Od pewnego czasu słychać ze strony polityków PO oraz w tzw. „zaprzyjaźnionych mediach” oburzenie na to jak skandalicznie traktuje się prezydenta, jak jest upokarzany. Ciekawy przyczynek do dyskusji nad tą kwestią można znaleźć w artykule opublikowanym  we wczorajszej Rzeczpospolitej pt. „Prezydent wycofany w kampanii”.  Dotyczy on planów prezydenta i tego jak widza jego rolę działacze Platformy w czasie polskiej prezydencji w UE i nakładającej się na nią kampanii wyborczej. Oficjalnie politycy zastrzegają, że choć serce Komorowskiego rwie się do walki to jednak jako prezydent całego kraju nie może angażować się w kampanię. Hmmm... rzeczywiście?

Otóż okazuje się, że jego obecna aktywność, znaczona zresztą licznymi wpadkami, wynika z tego, że na czas prezydencji prezydent ma się wycofać. Tłumaczy się to w ten sposób, że prezydent ma nie wchodzić w paradę premierowi , któremu przewodnictwo w UE ma pomóc przed wyborami. Co to oznacza?  
Odczytując wprost, należałoby po prostu uznać, że Komorowski pół-abdykuje aby wspomóc jedną z partii. Trzeba więc miedzy bajki włożyć  opowieści o „prezydencie wszystkich Polaków” i przyznać otwarcie, że Komorowski po prostu ma służyć swą nieobecnością Platformie. Ale podejrzewam, że sprawa sięga  jeszcze dalej.

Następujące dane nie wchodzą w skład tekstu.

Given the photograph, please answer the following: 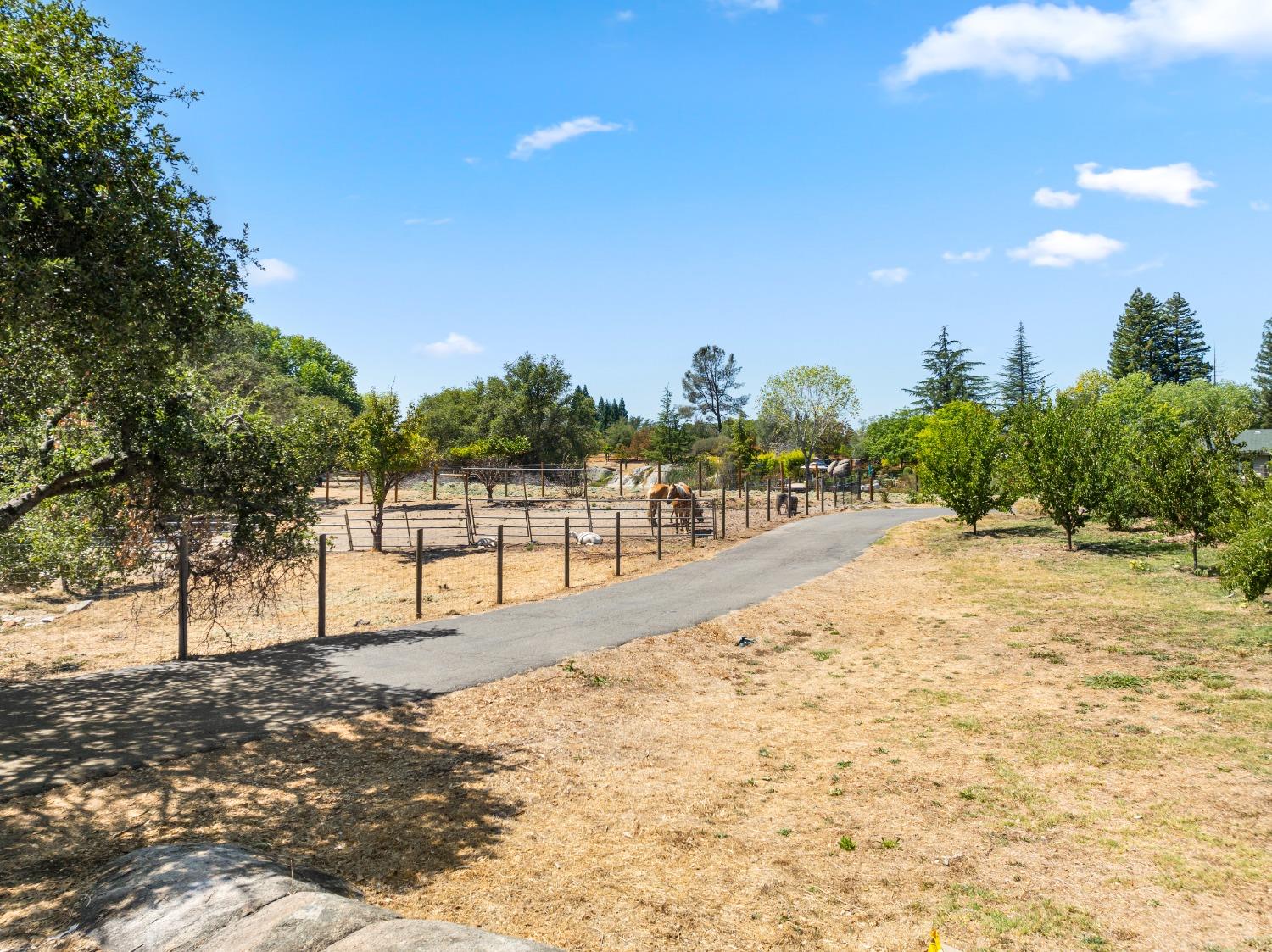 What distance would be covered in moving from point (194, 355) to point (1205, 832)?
39.8ft

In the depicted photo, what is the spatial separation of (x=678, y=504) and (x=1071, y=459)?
13.6 metres

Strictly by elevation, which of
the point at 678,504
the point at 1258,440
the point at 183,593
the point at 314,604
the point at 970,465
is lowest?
the point at 314,604

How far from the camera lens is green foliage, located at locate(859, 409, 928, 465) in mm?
59844

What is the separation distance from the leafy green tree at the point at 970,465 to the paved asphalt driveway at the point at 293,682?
1255 centimetres

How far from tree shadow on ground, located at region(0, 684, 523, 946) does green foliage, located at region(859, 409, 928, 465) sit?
52.1 m

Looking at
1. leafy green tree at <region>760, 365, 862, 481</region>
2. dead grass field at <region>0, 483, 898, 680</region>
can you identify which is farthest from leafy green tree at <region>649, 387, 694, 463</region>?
dead grass field at <region>0, 483, 898, 680</region>

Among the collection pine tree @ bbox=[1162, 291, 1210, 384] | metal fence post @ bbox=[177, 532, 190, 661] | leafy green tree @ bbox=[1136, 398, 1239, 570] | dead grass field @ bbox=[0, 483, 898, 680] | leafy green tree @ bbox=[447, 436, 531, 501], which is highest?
pine tree @ bbox=[1162, 291, 1210, 384]

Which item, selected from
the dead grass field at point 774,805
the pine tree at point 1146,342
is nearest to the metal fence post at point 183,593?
the dead grass field at point 774,805

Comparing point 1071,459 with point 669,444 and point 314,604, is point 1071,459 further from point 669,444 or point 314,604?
point 669,444

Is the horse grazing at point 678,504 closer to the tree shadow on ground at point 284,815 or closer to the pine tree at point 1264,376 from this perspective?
the tree shadow on ground at point 284,815

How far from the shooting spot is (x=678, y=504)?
30812mm

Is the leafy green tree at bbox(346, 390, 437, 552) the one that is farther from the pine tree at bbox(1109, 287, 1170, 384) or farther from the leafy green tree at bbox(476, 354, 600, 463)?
the pine tree at bbox(1109, 287, 1170, 384)

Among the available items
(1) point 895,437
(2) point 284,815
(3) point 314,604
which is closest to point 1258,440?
(1) point 895,437

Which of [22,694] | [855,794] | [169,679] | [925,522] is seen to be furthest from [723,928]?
[925,522] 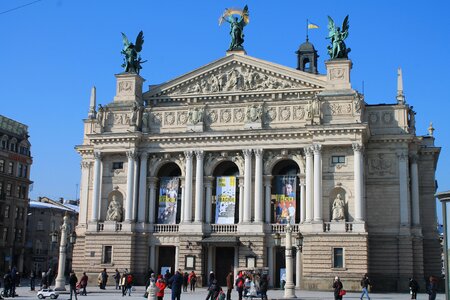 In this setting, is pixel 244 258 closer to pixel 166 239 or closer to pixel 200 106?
pixel 166 239

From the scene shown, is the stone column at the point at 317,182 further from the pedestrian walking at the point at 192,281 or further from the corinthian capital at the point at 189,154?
the corinthian capital at the point at 189,154

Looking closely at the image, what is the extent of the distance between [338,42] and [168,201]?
2171 centimetres

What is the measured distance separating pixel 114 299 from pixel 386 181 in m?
27.9

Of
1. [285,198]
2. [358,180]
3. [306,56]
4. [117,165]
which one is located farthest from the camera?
[306,56]

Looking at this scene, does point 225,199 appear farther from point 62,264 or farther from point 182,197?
point 62,264

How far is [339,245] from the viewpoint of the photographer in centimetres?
5322

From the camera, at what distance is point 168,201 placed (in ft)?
197

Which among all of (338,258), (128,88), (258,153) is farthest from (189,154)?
(338,258)

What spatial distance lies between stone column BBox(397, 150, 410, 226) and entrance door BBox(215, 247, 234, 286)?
15485 millimetres

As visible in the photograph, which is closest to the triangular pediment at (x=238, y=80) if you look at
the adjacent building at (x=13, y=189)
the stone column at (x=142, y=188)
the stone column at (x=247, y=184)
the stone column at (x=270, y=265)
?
the stone column at (x=247, y=184)

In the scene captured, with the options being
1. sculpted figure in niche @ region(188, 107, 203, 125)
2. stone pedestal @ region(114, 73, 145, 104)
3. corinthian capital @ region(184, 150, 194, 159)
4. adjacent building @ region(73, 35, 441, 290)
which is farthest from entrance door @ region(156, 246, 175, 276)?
stone pedestal @ region(114, 73, 145, 104)

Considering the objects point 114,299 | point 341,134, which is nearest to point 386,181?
point 341,134

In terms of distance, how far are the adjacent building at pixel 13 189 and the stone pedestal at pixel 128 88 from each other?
30542 mm

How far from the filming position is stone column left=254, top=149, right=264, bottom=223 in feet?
186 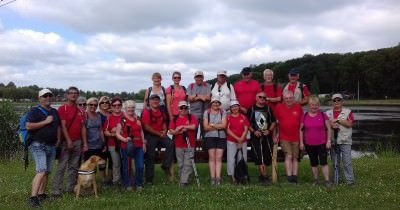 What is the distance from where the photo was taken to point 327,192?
9625 millimetres

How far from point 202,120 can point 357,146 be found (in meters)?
17.3

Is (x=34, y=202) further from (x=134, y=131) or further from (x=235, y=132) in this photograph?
(x=235, y=132)

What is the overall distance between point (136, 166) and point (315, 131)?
14.3 ft

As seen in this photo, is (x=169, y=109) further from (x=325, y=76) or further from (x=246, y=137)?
(x=325, y=76)

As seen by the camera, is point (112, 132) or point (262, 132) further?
point (262, 132)

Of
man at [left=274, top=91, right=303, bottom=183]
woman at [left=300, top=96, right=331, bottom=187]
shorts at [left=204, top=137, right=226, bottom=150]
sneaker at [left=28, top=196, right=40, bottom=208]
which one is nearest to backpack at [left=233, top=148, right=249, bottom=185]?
shorts at [left=204, top=137, right=226, bottom=150]

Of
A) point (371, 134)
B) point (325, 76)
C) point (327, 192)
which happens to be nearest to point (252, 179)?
point (327, 192)

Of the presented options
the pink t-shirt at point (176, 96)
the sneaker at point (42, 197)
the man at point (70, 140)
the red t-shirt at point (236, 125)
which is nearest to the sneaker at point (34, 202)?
the sneaker at point (42, 197)

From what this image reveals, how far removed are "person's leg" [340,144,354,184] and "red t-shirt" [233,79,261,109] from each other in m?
2.49

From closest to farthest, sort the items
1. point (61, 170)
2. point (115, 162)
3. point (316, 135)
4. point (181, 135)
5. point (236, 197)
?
point (236, 197), point (61, 170), point (115, 162), point (316, 135), point (181, 135)

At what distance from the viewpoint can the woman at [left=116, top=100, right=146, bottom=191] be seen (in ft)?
34.2

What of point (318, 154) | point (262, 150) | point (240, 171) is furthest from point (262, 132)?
point (318, 154)

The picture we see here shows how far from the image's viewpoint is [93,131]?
10.5 m

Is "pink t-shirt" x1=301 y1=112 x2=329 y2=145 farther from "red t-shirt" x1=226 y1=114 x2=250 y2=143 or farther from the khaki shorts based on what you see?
"red t-shirt" x1=226 y1=114 x2=250 y2=143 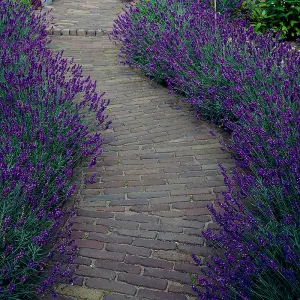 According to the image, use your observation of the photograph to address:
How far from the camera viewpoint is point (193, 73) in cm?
527

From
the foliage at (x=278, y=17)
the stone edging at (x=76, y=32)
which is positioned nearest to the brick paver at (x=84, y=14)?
the stone edging at (x=76, y=32)

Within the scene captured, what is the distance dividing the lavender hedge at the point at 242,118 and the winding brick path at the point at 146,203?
20 centimetres

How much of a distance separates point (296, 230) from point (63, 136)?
218 cm

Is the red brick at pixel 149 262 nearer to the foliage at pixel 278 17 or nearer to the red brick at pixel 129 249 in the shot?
the red brick at pixel 129 249

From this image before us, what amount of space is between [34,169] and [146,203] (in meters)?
1.07

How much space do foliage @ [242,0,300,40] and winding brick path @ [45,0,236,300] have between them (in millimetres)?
2705

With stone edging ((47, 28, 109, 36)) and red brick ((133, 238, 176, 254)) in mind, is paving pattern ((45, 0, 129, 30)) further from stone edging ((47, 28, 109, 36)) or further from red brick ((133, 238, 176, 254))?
red brick ((133, 238, 176, 254))

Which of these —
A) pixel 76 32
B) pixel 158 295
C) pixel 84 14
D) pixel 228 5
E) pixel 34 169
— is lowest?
pixel 158 295

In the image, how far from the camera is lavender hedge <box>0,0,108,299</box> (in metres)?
2.78

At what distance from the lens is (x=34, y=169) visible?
126 inches

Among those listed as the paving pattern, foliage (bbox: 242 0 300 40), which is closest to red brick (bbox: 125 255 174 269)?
foliage (bbox: 242 0 300 40)

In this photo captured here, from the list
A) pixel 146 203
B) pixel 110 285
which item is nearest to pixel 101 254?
pixel 110 285

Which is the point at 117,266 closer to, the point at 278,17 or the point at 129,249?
the point at 129,249

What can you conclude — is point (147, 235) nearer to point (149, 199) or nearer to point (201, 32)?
point (149, 199) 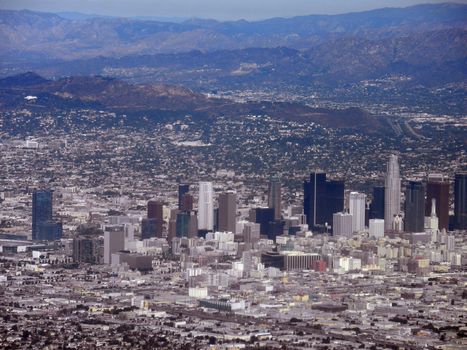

Gdyby obecny prezydent przynosił chlubę partii która go wystawiła, byłby zapewne uznany za jeden z ważniejszych atutów kampanii.  Jednak w ostatnim sondażu MillwardBrown SMG/KRC dla TVN24 z 19 – 20 kwietnia, w którym na pytanie „Który prezydent najlepiej sprawował swój urząd?” odpowiedziało 1004 osoby, Komorowski zajął przedostatnie miejsce (5%), przed Jaruzelskim (3%) a po Wałęsie (8%). Nie wygląda to najlepiej, właściwie można śmiało powiedzieć , że wynik jest katastrofalny. Platformiani pijarowcy najwyraźniej doszli więc do logicznego wniosku, że dla Platformy będzie lepiej jeśli ich duma, prezydent Komorowski, na jakiś czas przestanie spełniać wzorowo swoich obowiązków, zwłaszcza reprezentacyjnych.

Mówiąc otwarcie przypuszczam, że partia rządząca boi się kolejnych wpadek ściśle związanego z nią, przynajmniej wizerunkowo, prezydenta. Uznano więc, że lepiej będzie dla wszystkich jeśli skupi się na pilnowaniu żyrandola zamiast ryzykować kolejną medialną katastrofę. Czy oznacza to, że Platforma Obywatelska wstydzi się prezydenta którego sama wystawiła?

Prawie jest mi go żal, bo wszystko to przypomina sytuację, w której rodzice wstydzą się swojego dziecka. Czy może być coś bardziej upokarzającego? A losu tego nie zgotowali mu ani Jarosław Kaczyński, ani Antonii Macierewicz, ani mieszkańcy „namiotu pełnego nienawiści” ale jego przyjaciele z PO.